As the five-year anniversary of Michael "MJ" Sharp's murder approaches, a new book by Marshall V. King, Disarmed: The Radical Life and Legacy of Michael "MJ" Sharp, traces Sharp's journey from his childhood to his death on assignment with the United Nations Group of Experts. This piece originally appeared in the January 21 issue of Anabaptist World, alongside an excerpt from Disarmed and an interview with Sharp's parents, John and Michele Miller Sharp.
To watch an interview with King at Waterford Mennonite Church, Sharp's home congregation, click here.
Dramatic stories of sacrificial Anabaptist peacemaking tend to be historic, even centuries old. One of the most recent of these stories is shared in Disarmed: The Radical Life and Legacy of Michael "MJ" Sharp, by Marshall V. King.
King tells the story of the former Mennonite Central Committee (MCC) and Mennonite Mission Network worker who was murdered in 2017, while he was investigating atrocities in Congo for the United Nations.
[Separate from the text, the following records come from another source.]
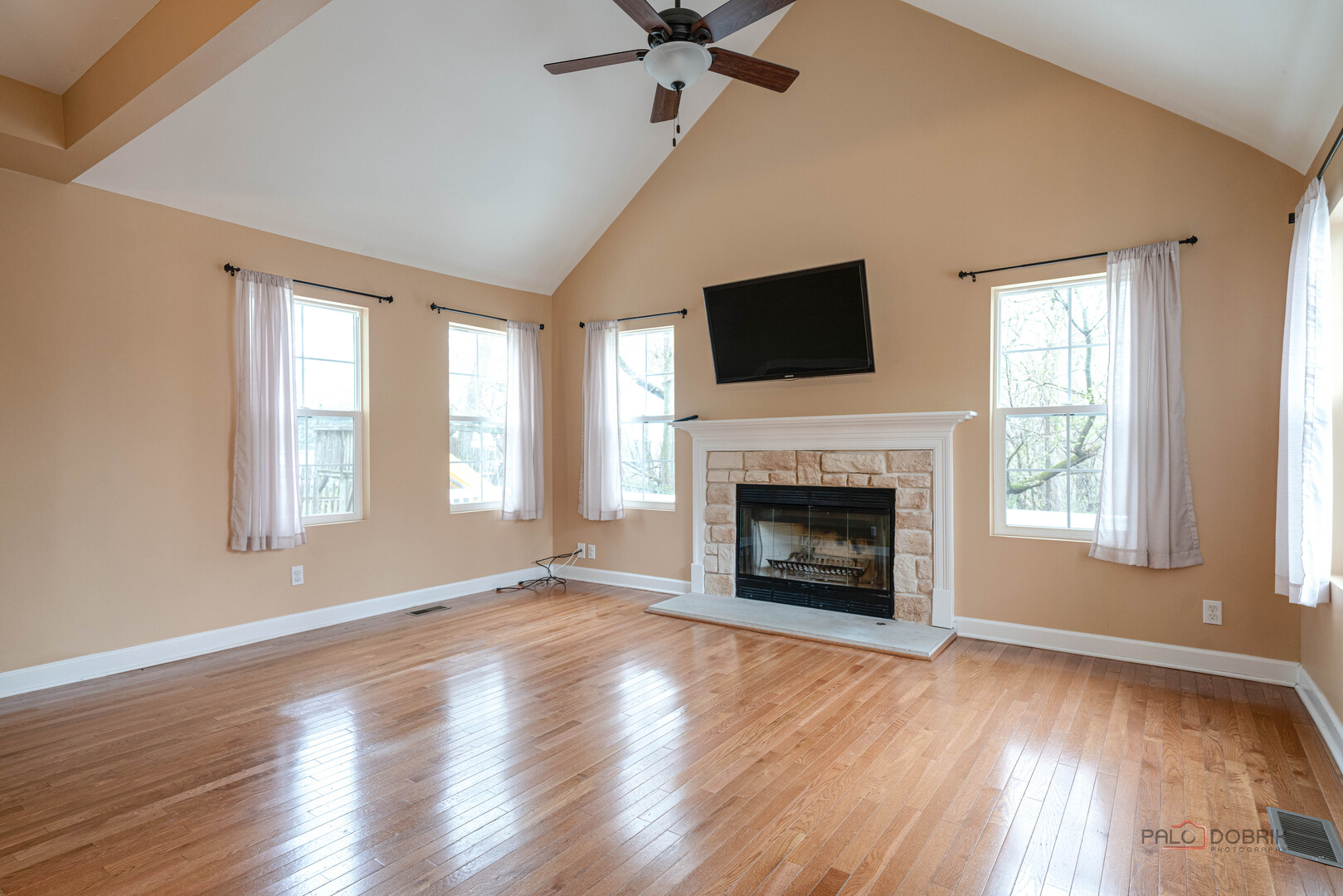 40431 N Fairview Street, Antioch, IL 60002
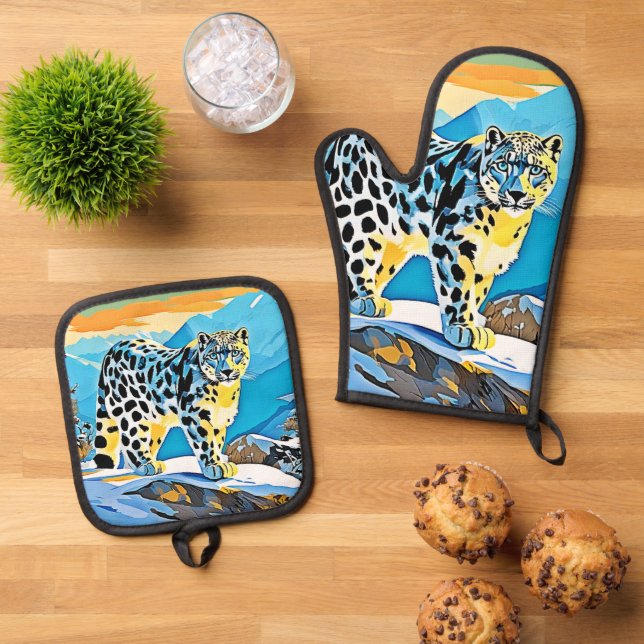Snowy Mountain Leopard Stance Design Oven Mitt & Pot Holder Set (Top Down)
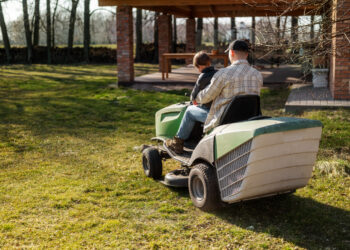 Žoliapjovė traktoriukas: kaip išsirinkti tinkamą modelį pagal kainą?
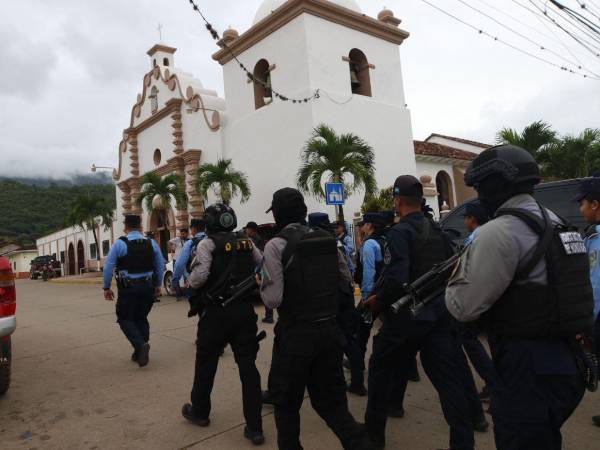 La iglesia San Francisco de Asís, de Catacamas, Olancho, donde un grupo armado se enfrentó a miembros de la Policía Nacional, se ubica en el barrio Santa Cruz, uno de los más céntricos del municipio.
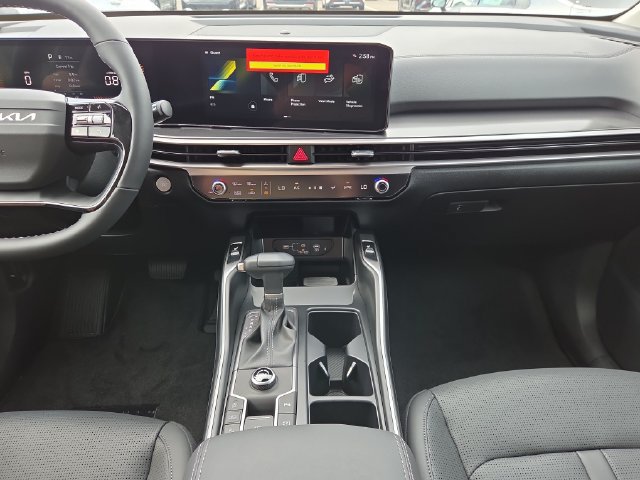 New 2026 Kia Sorento S FWD image 11
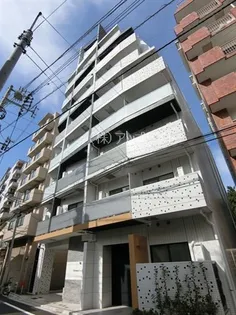 ディームス東新宿【3階】の外観
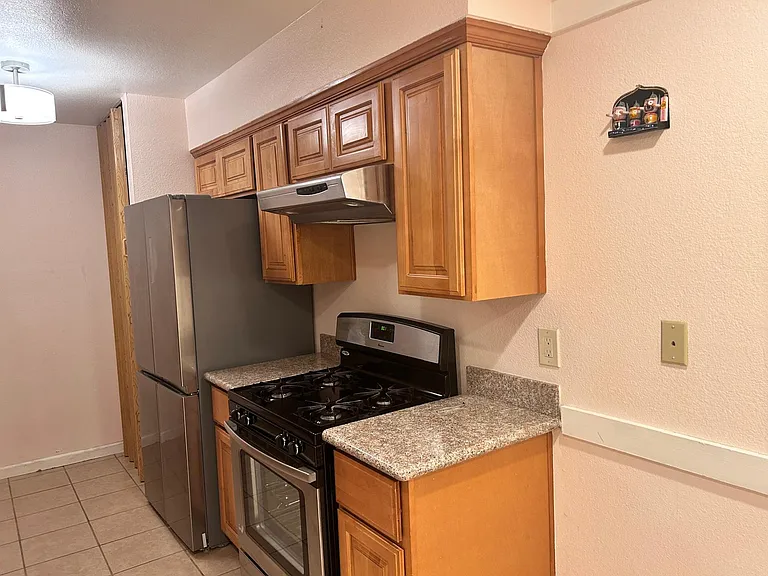 1937 Messina Dr — Photo 14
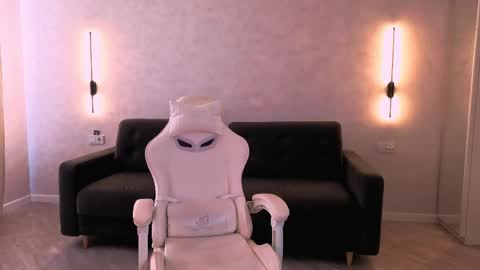 Emma online show from April 3, 6:20 am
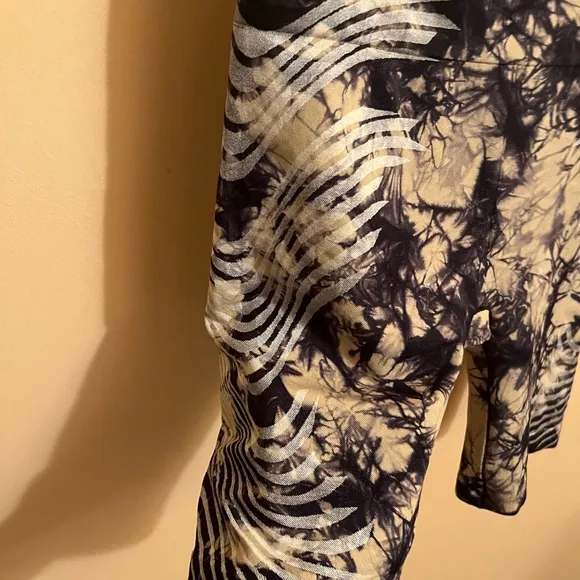 NWT Athleta Motivate Seamless Shorts in Navy Cream Tie Dye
The five-year anniversary of his death is in March.
"We hear the stories of 1-W service and Pax and conscientious objectors during the World Wars, and here is a story of a man who was doing peacemaking work, first as part of Mission Network, then MCC and then the United Nations," King said in a Dec. 2 interview from his home in Goshen, Indiana. "And while he was practicing this Anabaptist peacemaking theology, he was also trying to figure out what it means to be Mennonite in the modern world.
"I saw it as a really good story of someone who had answered the call to be a peacemaker and inevitably put himself at risk — someone who was willing to take risks on behalf of other people and inevitably lost his life because of it."
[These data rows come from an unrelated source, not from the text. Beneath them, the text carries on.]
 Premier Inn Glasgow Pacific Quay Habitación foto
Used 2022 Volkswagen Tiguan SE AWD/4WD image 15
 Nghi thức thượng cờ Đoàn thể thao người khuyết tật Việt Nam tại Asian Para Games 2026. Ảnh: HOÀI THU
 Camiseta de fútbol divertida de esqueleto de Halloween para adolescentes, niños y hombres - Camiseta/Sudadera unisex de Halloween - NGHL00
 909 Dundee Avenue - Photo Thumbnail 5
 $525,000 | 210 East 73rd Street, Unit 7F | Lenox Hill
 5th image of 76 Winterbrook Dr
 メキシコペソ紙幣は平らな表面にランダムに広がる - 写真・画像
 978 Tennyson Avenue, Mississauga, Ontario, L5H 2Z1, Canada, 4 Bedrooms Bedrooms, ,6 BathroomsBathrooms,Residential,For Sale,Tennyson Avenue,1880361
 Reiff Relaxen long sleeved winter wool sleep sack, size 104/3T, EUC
King was drawn to the story of the young Mennonite who picked up his things and went off to practice pacifism in ways many others only talk about.
Sharp, through his Mission Network assignment with Military Counseling Network, helped members of the U.S. military pursue conscientious objection discharges in Germany.
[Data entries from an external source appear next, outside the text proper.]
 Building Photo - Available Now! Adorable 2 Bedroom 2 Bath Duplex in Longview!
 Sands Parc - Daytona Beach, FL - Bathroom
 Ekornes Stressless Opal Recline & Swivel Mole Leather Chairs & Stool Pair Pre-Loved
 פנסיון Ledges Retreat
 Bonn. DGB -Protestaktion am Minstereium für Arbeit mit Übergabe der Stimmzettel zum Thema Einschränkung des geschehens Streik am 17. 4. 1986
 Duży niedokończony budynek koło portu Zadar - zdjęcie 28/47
He worked with Rwandan refugees as the Eastern Congo coordinator with MCC.
He sat with militia commanders to discuss conflict over cups of tea as part of a program that persuaded roughly 1,600 fighters to lay down their weapons.
Then, he and his U.N. colleague, Zaida Catalán of Sweden, were kidnapped and fatally shot while investigating human rights abuses and sanctions violations in Kasaï-Central Province.
"He ended up losing his life," King said. "At the time — and it's still true — this was as close as a Mennonite might get to the knock on the door that a lot of military families experience."
King hit the road in 2017 to interview people who had been close to Sharp. His travels took him from Indiana to Kansas, New Mexico, Canada and, ultimately, to Europe, where he spent time with Catalán's family in Sweden.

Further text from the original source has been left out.